▼

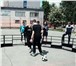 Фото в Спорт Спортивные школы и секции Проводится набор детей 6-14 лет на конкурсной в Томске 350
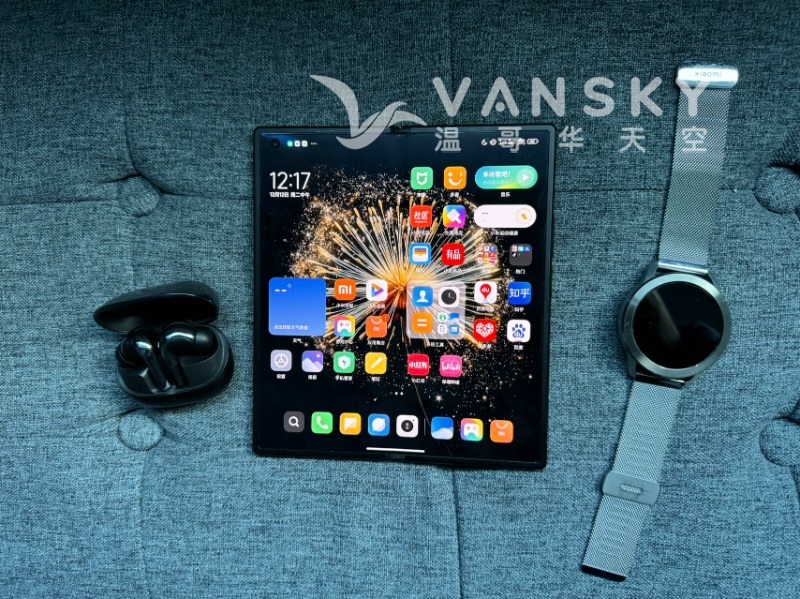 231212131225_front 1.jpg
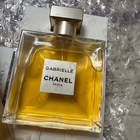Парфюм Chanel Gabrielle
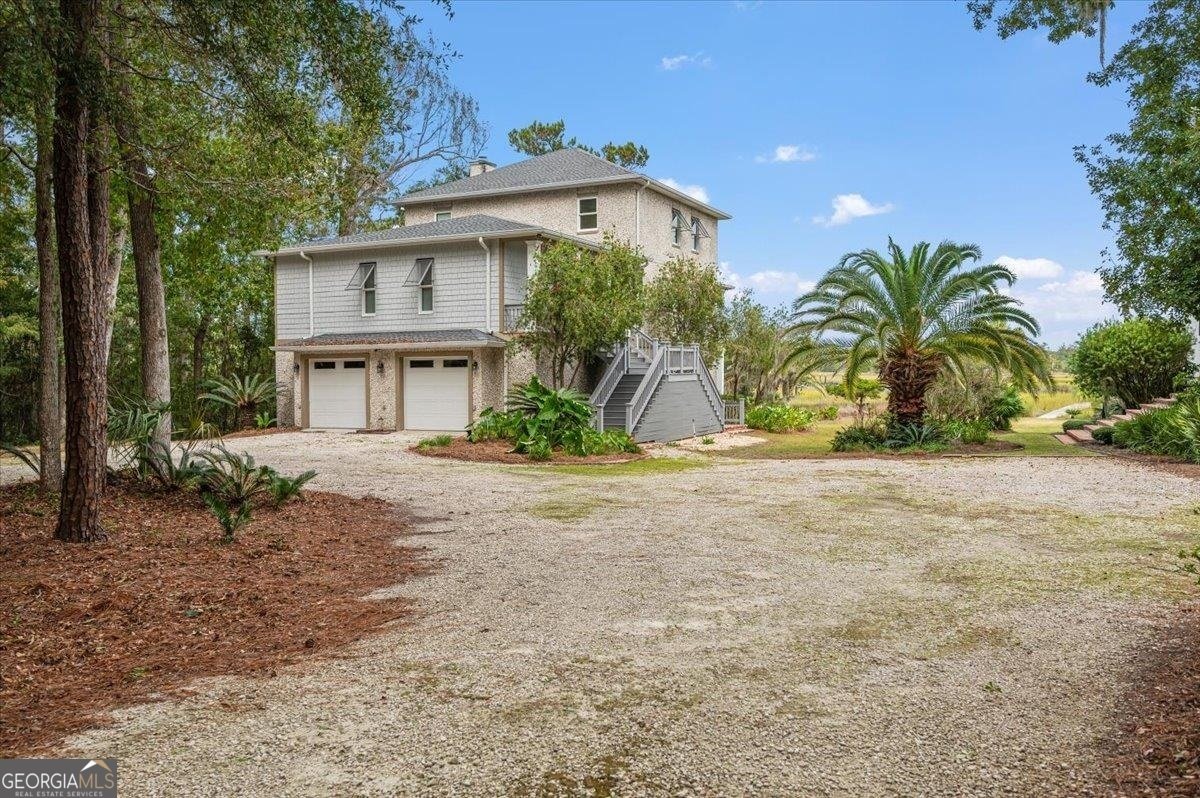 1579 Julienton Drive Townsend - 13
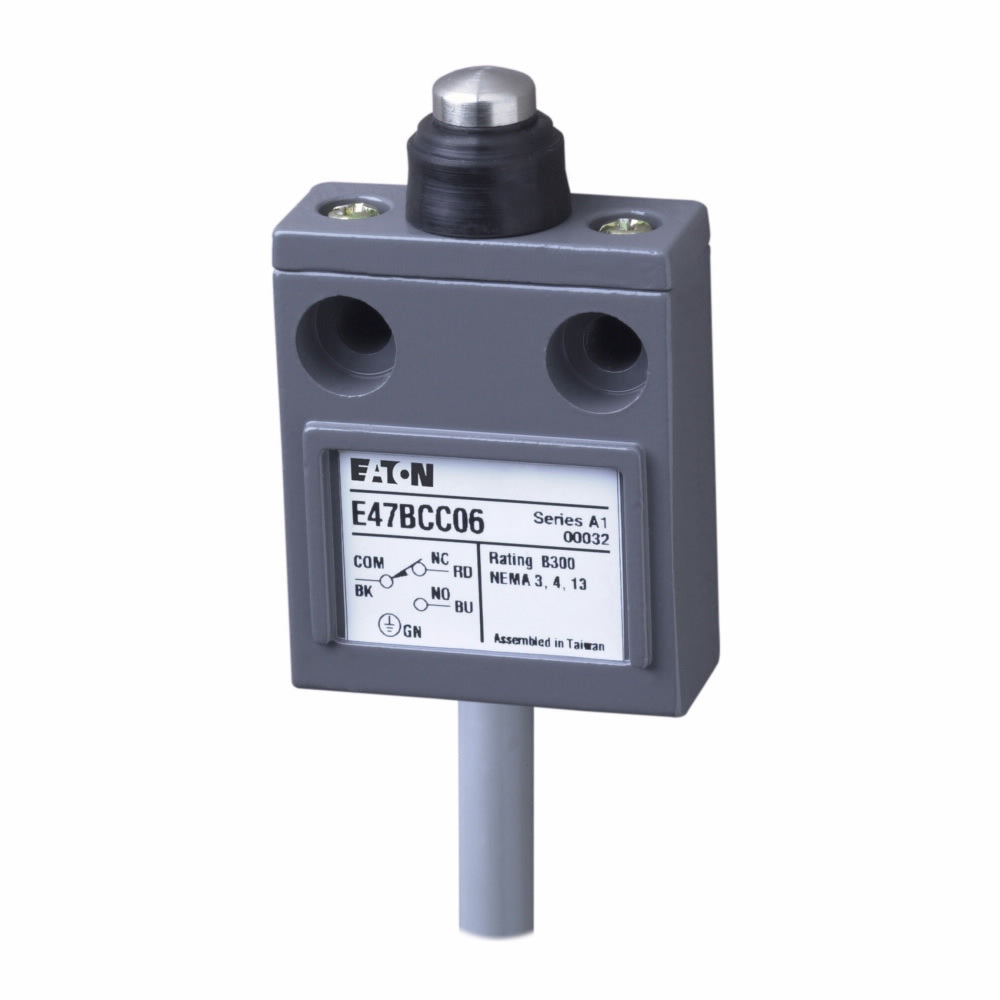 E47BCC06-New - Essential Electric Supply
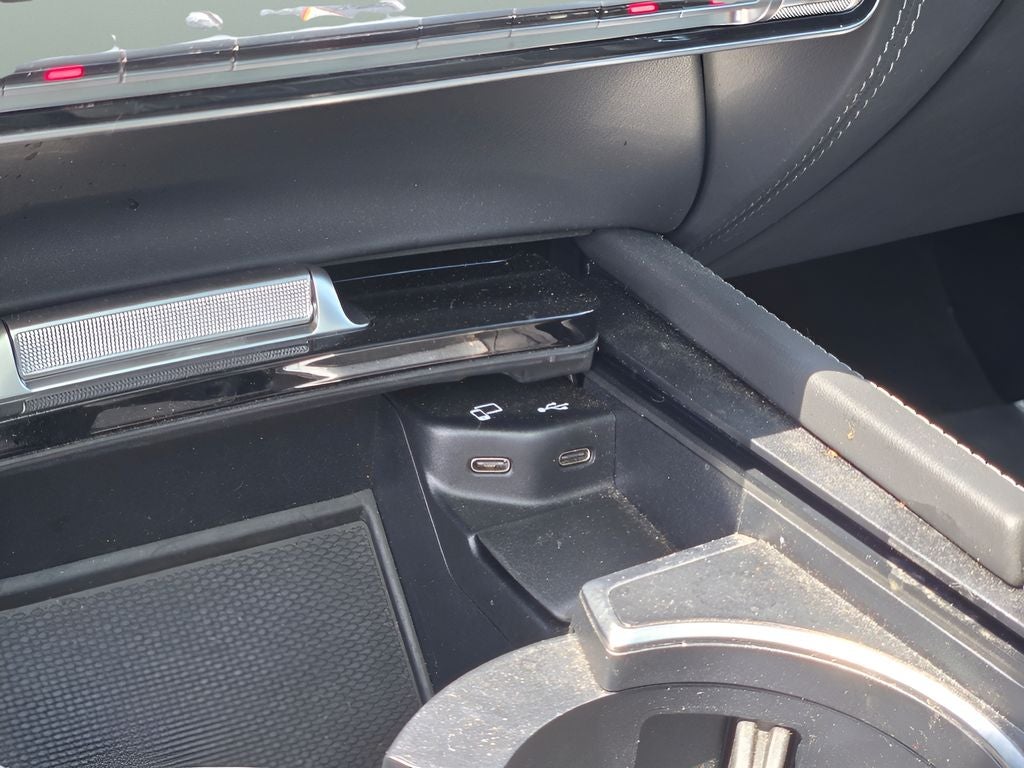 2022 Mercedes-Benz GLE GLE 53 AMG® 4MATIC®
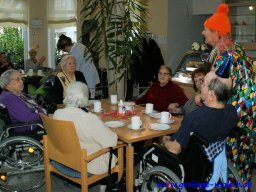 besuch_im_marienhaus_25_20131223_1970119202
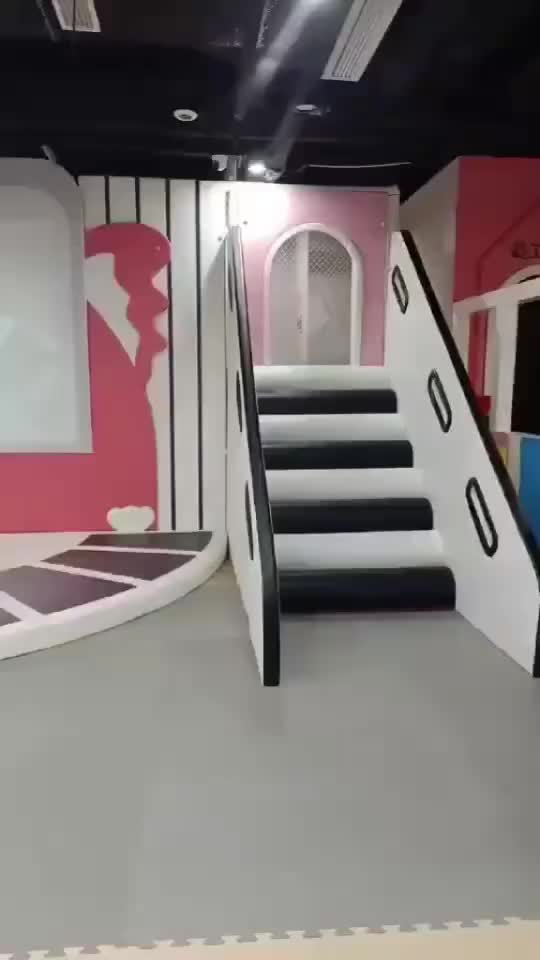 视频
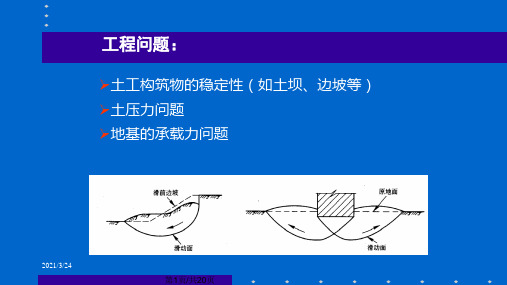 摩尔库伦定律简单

▲
▼

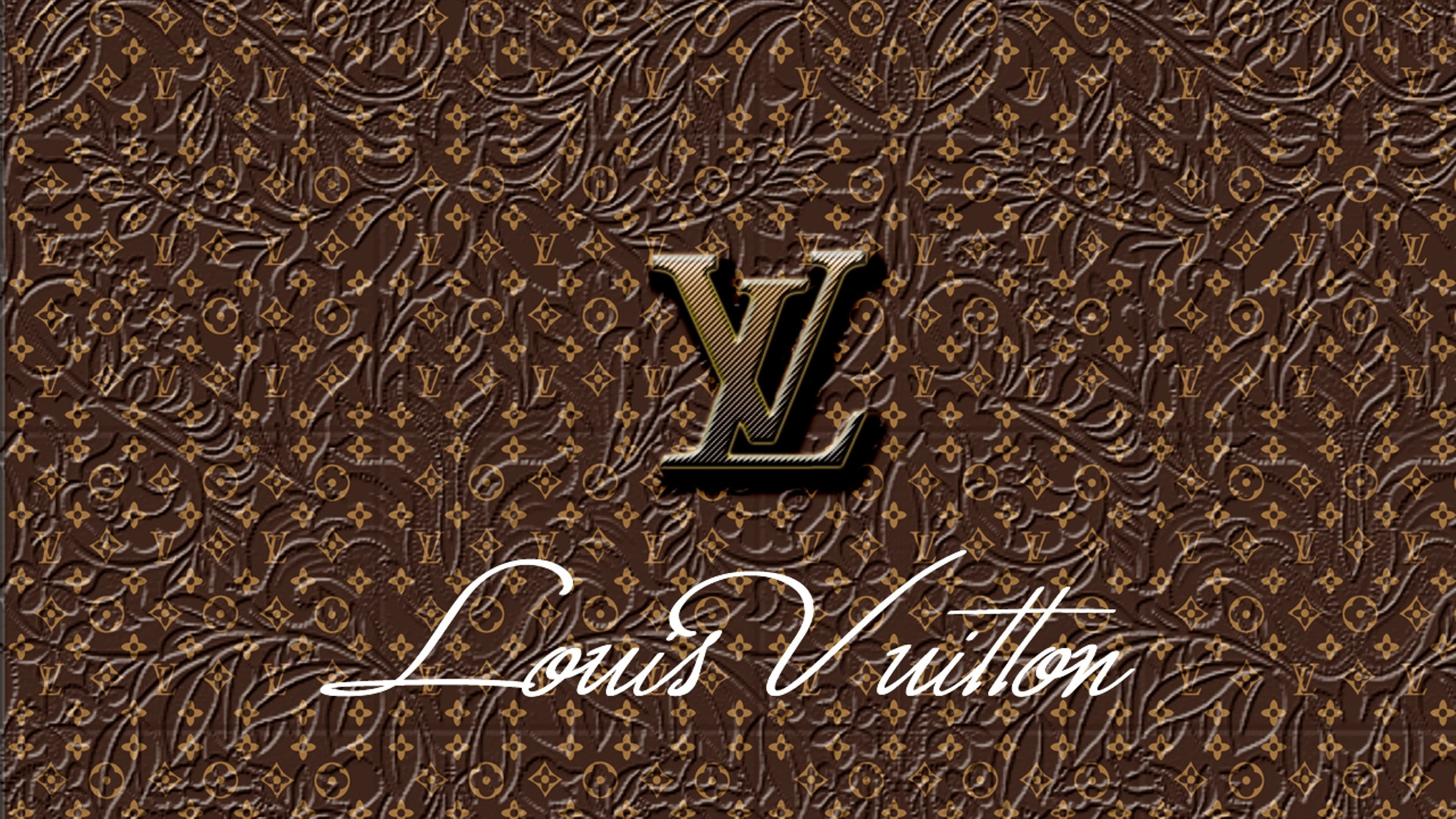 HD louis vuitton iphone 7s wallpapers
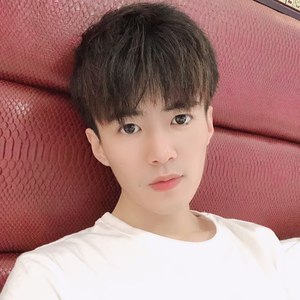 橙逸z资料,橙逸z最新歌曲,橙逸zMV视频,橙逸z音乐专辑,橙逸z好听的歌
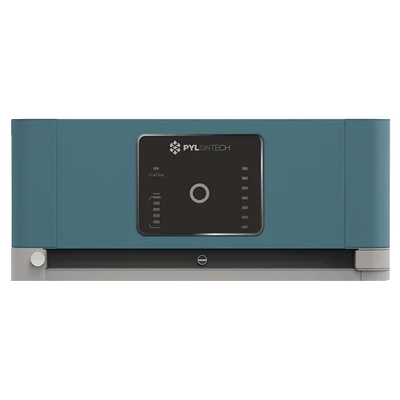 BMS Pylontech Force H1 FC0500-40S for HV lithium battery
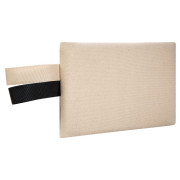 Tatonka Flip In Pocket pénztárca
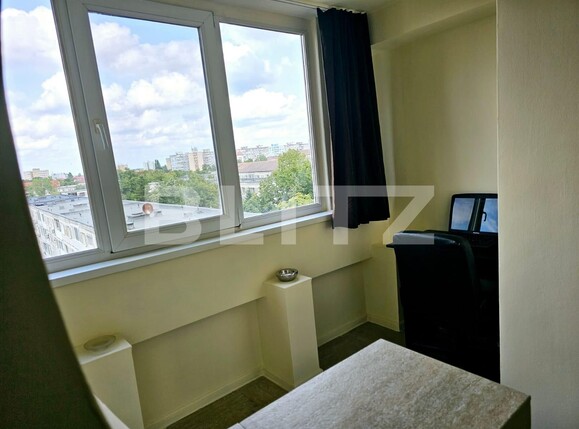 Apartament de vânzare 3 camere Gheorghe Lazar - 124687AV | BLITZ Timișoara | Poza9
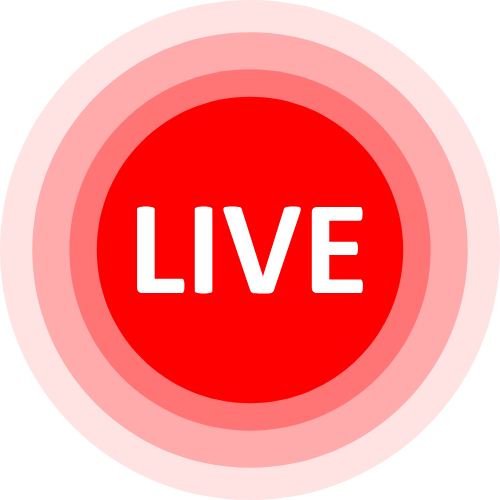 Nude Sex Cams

▲
▼

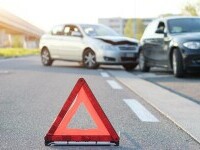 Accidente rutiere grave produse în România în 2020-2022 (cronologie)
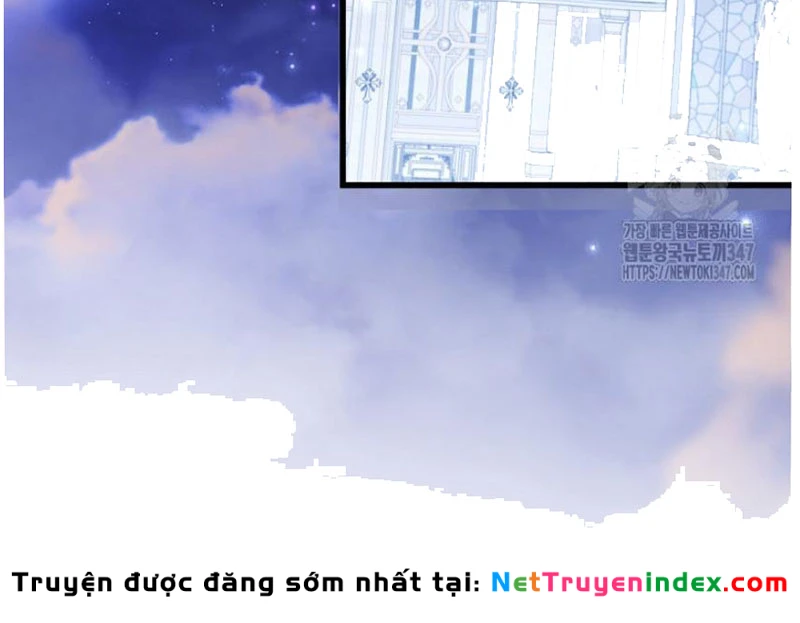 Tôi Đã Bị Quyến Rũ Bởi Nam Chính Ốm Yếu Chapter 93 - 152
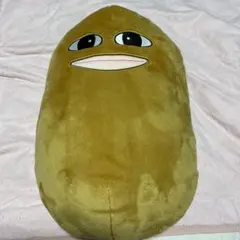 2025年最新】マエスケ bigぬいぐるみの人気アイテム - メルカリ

▲

● What needs to be done:
Using the data above, which lines fall from the one with "橙逸z资料,橙逸z最新歌曲,橙逸zMV视频,橙逸z音乐专辑,橙逸z好听的歌" through the one with "Nude Sex Cams"? Repeat them exactly, ends included, minus any pictures.

● Written response:
 橙逸z资料,橙逸z最新歌曲,橙逸zMV视频,橙逸z音乐专辑,橙逸z好听的歌
 BMS Pylontech Force H1 FC0500-40S for HV lithium battery
 Tatonka Flip In Pocket pénztárca
 Apartament de vânzare 3 camere Gheorghe Lazar - 124687AV | BLITZ Timișoara | Poza9
 Nude Sex Cams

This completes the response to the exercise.